The reason the US government has such a pragmatic and advanced approach to digital health is most likely because their system is a mess. They have a burning platform.
In Australia we have a pretty good healthcare system. We aren’t looking over a precipice like they are in the US.
But that doesn’t mean we shouldn’t be looking their way for guidance on the future.
The US government has taken a very different approach to Australia. They don’t build or run infrastructure for digital health, like we have attempted to in Australia with the MHR. They have stepped back, taken some very deep breaths and have put in place policy and legislation to systemically guide the landscape of data sharing in the country. And they aren’t building anything or controlling anything. They are helping their vendors and healthcare providers to do it, which suits entirely how web sharing and cloud technology works.
‘Anti information blocking’ legislation, announced five years ago, has changed the US digital health system dramatically, and, because so many US health tech vendors are global vendors (Cerner, Allscript, EPIC, etc) it is starting to change the world. Most now have FHIR interfaces to all their products so some form of efficient sharing is feasible.
Information blocking is when healthcare vendors and service providers deliberately prevent healthcare data sharing in order to retain commercial advantage – literally, you can’t go across the street to another hospital because they’ll never be able to get your data and work out what’s going on.
The blocking has been at the vendor level (if I’m Cerner, two systems in two hospitals across the street from each other is better than one in money terms every day) and because of the unique private insurance system in the US, which controls much health provision, at the provider level you want to do everything to prevent losing a customer (if you leave me, your data won’t come too, and that is going to cost you a fortune as a patient).
The anti-blocking legislation came into formal effect last week in the US. The US government gave their vendors and providers five years to get ready. That is how far behind Australia is in serious digital health reform.
The government gave vendors and healthcare providers five years to prepare in order to nurse them through a very difficult period of their existence. Going from the old world of server bound locked data and information syncs, to open sharing web based technology that would meaningfully engage patients in the picture.
In Australia there has been some information blocking by vendors and healthcare providers. If you provided a GP patient management system you made it hard for the GP to take their data and move to another vendor, and if you’re a private health insurer you still try to make it a little hard for your customer to move and the easiest way to do that is have great data on your customer that your competitor can’t get.
But blocking in Australia has mostly been as a result of legacy server bound technology systems not really talking to each other. It hasn’t been deliberate and targeted like the US, where distorted funding signals forced it down a harsher path.

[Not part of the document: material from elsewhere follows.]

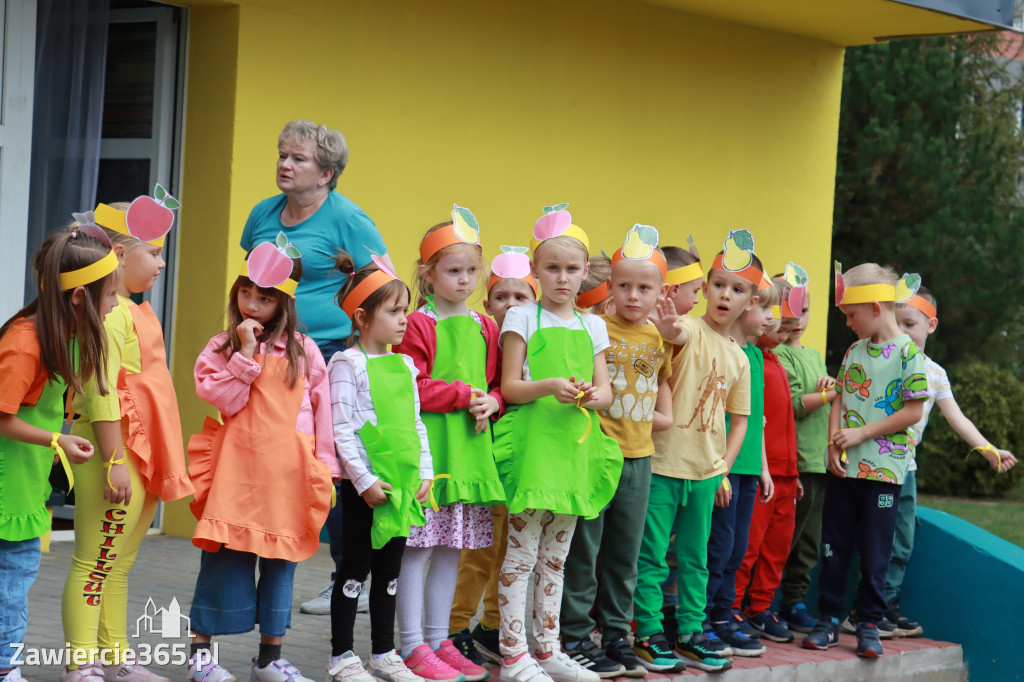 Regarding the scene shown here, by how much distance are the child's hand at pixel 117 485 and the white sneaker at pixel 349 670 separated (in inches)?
36.8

Blocking in Australia is in effect all done by the government now via the MHR, which is a system that is old and doesn’t share data well, and even when it’s upgraded, it will be a system that isn’t needed to share data, but which may still be forced upon us all.

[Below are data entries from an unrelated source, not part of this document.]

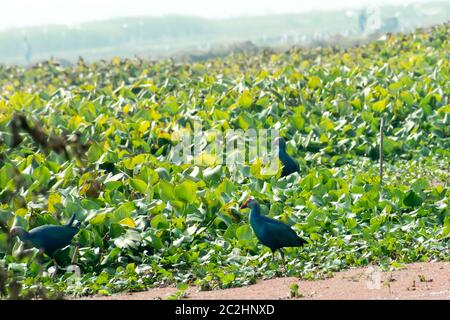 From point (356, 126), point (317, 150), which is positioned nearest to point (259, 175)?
point (317, 150)

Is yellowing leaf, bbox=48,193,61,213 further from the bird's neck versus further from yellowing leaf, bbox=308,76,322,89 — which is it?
yellowing leaf, bbox=308,76,322,89

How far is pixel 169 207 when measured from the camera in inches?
404

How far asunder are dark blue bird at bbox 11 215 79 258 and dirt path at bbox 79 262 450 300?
781 mm

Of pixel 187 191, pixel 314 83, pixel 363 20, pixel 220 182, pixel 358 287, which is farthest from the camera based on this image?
pixel 363 20

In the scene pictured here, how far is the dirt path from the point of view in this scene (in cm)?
779

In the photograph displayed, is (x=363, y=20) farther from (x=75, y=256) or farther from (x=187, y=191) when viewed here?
(x=75, y=256)

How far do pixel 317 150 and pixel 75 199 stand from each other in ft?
18.5

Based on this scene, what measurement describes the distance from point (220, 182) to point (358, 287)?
3614 millimetres

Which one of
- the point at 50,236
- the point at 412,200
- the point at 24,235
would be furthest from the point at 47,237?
the point at 412,200

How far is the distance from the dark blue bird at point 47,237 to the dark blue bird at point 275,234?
5.20 ft

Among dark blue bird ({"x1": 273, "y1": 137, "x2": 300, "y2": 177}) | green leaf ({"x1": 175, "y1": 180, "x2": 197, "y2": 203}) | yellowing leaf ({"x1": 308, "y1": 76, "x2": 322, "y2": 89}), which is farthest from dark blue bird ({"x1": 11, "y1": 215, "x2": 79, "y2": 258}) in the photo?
yellowing leaf ({"x1": 308, "y1": 76, "x2": 322, "y2": 89})

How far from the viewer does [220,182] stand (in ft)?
37.7

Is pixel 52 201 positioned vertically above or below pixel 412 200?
above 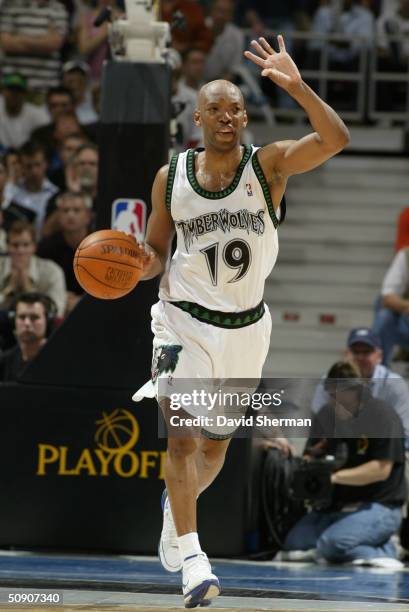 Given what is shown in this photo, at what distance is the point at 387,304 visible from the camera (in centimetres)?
1045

In Australia the MHR is literally our Ever Given, stuck across the canal by which we are supposed to get the future of digital health. Except now, by persisting with the MHR and deciding to spend up to $300m on a big consultant such as Accenture (they had the original MHR contract for build and maintenance) to re-platform it on FHIR, the government is actually going to scuttle the MHR in the middle of the canal.

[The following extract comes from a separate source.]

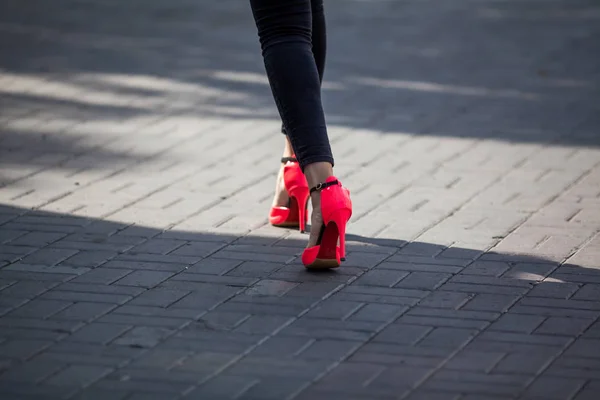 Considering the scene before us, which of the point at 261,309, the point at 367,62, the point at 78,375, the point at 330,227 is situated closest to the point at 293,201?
the point at 330,227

That’s going to doom significant health innovation in the country for years to come if it happens.
Blaming our high level health bureaucrats and politicians for where we find ourselves is simplistic.
The Australian healthcare system is among the best in the world still. It’s an “if it ain’t broke, don’t try to fix it”, scenario for most politicians, particularly in the febrile health policy environment which COVID has created.
But it’s a large and ugly slow boiling frog for Australian health.
By the time we recognise it’s broken the damage will be huge, and very hard to repair.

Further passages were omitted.